In the lines below, look for "Camiseta". Copy each line where it appears.

========

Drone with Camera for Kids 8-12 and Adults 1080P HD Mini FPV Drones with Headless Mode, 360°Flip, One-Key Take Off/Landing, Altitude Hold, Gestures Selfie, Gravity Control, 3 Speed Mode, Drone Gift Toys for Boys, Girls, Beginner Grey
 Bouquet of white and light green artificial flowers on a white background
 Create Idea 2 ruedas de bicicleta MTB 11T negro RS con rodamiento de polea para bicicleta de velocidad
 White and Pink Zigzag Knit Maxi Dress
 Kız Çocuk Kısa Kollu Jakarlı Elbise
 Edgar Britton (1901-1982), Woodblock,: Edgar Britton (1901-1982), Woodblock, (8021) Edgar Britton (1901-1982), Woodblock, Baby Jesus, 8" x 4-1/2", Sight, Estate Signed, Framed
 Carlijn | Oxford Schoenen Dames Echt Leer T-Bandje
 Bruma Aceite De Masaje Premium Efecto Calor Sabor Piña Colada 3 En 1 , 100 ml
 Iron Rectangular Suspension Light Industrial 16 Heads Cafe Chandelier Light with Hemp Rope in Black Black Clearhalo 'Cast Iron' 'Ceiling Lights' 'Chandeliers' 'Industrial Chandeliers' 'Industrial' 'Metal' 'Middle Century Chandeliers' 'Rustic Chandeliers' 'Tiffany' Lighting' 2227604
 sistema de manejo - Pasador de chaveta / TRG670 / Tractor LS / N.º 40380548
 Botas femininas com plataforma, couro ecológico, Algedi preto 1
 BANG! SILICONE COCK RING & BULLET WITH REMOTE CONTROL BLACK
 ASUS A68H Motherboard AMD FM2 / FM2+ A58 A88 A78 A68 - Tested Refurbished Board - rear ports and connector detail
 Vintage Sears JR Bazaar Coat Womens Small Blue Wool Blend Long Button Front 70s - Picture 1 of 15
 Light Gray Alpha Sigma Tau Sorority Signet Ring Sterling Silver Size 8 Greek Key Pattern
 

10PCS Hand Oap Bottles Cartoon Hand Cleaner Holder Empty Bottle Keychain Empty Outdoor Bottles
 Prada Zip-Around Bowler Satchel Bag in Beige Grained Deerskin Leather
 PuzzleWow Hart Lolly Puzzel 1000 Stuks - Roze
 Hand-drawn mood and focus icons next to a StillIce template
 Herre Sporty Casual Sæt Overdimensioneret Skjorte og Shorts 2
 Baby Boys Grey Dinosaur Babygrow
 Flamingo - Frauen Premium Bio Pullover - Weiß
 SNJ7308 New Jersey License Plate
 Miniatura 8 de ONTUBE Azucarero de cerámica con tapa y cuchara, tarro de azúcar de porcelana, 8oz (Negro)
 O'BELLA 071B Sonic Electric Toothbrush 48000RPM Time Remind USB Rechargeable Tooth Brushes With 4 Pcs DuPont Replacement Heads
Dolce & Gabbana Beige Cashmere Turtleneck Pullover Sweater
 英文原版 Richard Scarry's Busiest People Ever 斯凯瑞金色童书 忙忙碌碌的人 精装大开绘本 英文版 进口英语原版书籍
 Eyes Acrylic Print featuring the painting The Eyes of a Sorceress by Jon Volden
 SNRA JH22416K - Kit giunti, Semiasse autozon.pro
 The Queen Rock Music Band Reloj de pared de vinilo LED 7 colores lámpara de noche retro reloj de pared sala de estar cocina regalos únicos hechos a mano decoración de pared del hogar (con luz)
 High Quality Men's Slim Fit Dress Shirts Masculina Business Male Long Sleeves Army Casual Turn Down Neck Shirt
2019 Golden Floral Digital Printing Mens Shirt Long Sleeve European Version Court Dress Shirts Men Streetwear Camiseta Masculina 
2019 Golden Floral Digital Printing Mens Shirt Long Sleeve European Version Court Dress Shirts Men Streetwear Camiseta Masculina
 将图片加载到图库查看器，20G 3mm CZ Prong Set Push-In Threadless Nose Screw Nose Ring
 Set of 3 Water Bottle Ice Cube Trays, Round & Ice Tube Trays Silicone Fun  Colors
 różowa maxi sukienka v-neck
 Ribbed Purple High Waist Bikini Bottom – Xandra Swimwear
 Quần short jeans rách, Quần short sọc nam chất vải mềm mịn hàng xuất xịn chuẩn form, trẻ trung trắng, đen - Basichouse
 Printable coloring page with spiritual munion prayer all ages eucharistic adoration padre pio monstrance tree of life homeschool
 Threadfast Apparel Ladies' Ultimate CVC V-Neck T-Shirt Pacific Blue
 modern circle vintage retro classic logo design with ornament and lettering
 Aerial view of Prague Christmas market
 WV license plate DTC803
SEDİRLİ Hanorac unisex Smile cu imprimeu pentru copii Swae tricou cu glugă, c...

========

--- Result for this task ---
2019 Golden Floral Digital Printing Mens Shirt Long Sleeve European Version Court Dress Shirts Men Streetwear Camiseta Masculina 
2019 Golden Floral Digital Printing Mens Shirt Long Sleeve European Version Court Dress Shirts Men Streetwear Camiseta Masculina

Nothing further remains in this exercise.